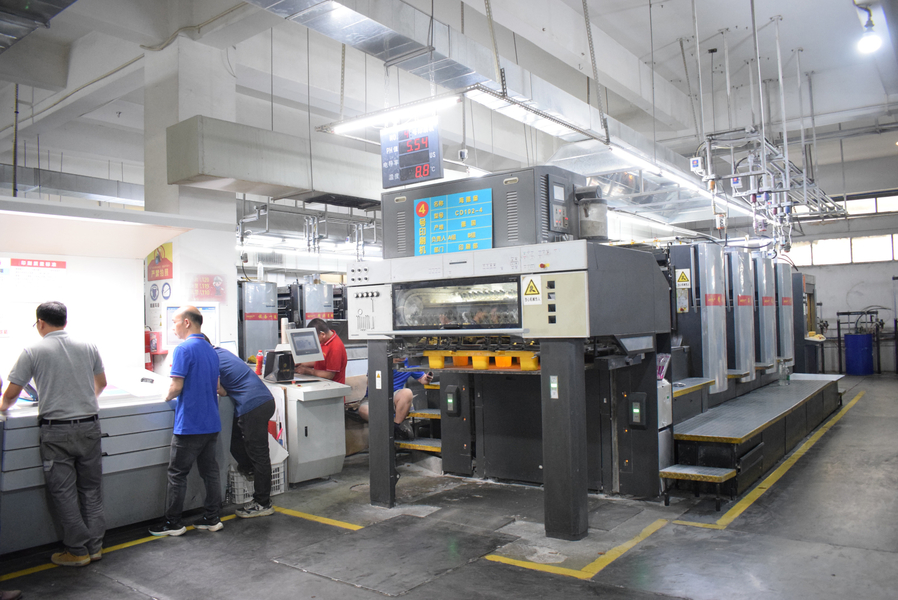GUANGZHOU YM PACKAGE PRODUCTS CO.,LTD. lini produksi pabrikan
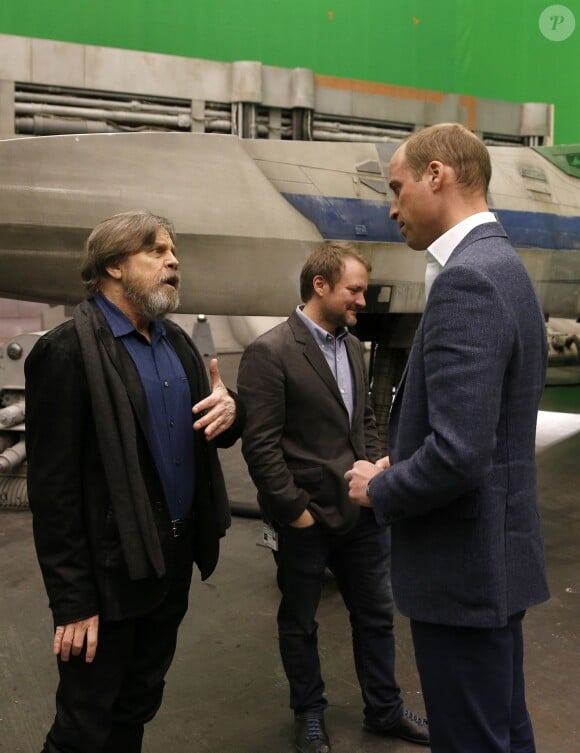 Le prince William discute avec l'acteur Mark Hamill lors de sa visite des coulisses du tournage de Star Wars des studios Pinewood le 19 avril 2016.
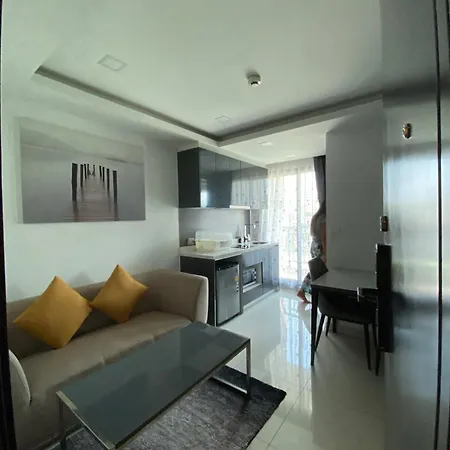 With Gorgeous Pool Apartment *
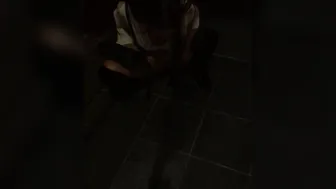 gianna dior onlyfans happy monday, here␙s a vid of me peeing on the street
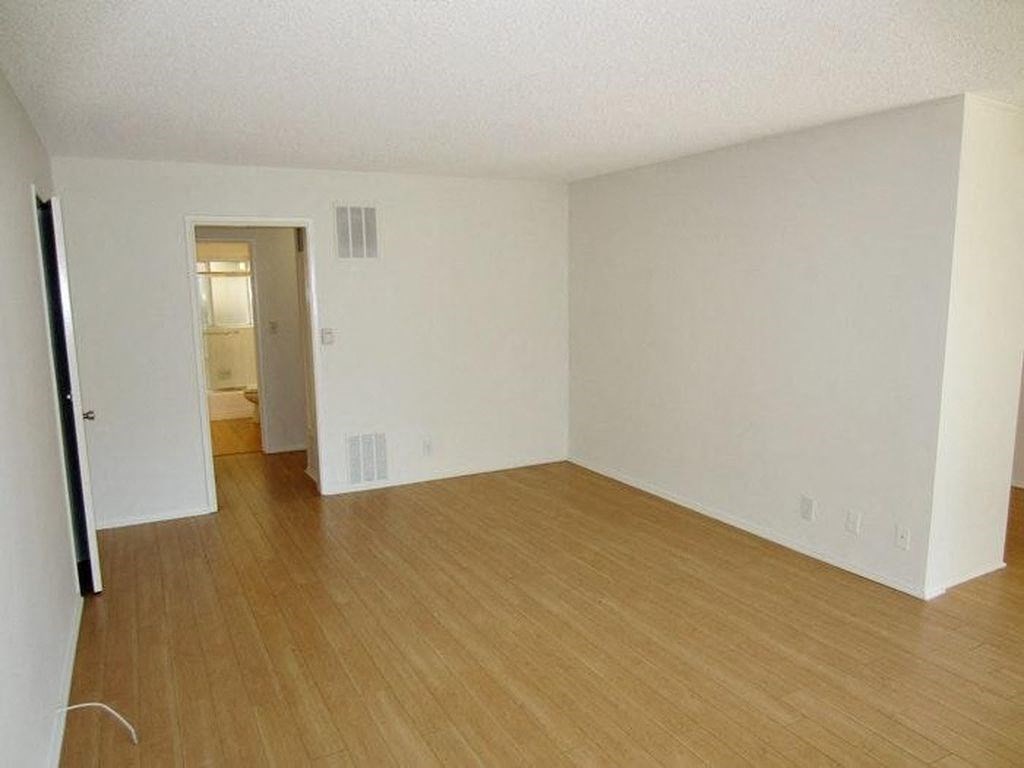 1301 Havenhurst unfurnished dining area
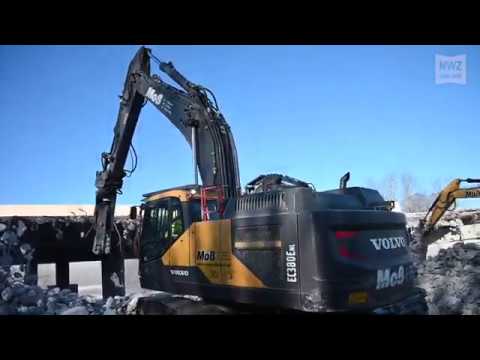 Abrissarbeiten an der Autobahnbrücke der A29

Exercise prompt: Except for the pictures, please retype the listing above exactly.

Response to this exercise:
GUANGZHOU YM PACKAGE PRODUCTS CO.,LTD. lini produksi pabrikan
 Le prince William discute avec l'acteur Mark Hamill lors de sa visite des coulisses du tournage de Star Wars des studios Pinewood le 19 avril 2016.
 With Gorgeous Pool Apartment *
 gianna dior onlyfans happy monday, here␙s a vid of me peeing on the street
 1301 Havenhurst unfurnished dining area
 Abrissarbeiten an der Autobahnbrücke der A29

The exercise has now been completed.